» **Provided data**:
+-------+

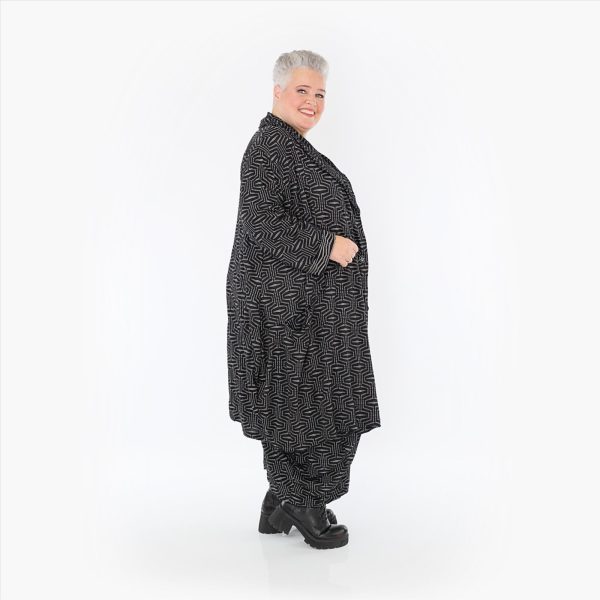 AKH Vanessa jacquard jacket - Black - Image 5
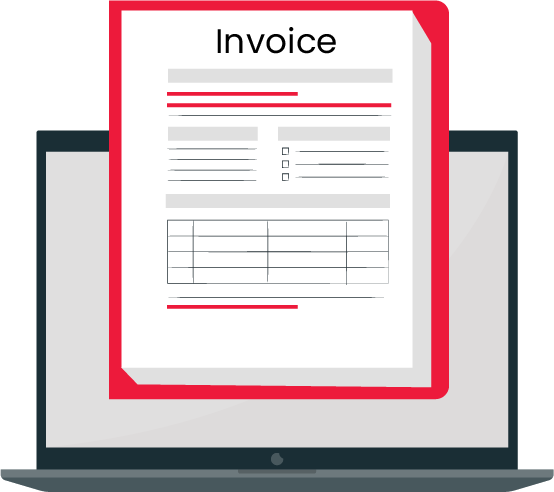 Steps write trade invoice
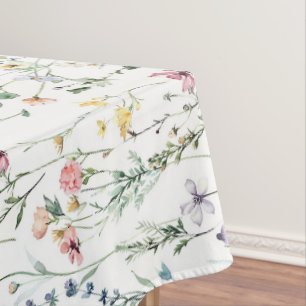 Toalha De Mesa Padrão de flor selvagem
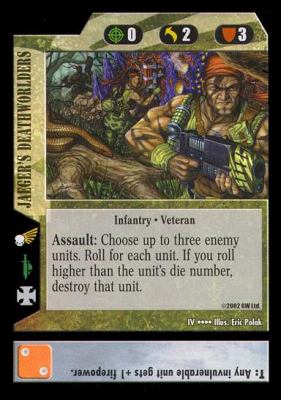 Jaegers Deathworlders - Foil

+-------+

» **What the task asks**:
Exactly reproduce the lines beginning at the one that contains "Steps write trade invoice" and ending at the final line of the material, with the pictures left out.

» **Result**:
 Steps write trade invoice
 Toalha De Mesa Padrão de flor selvagem
 Jaegers Deathworlders - Foil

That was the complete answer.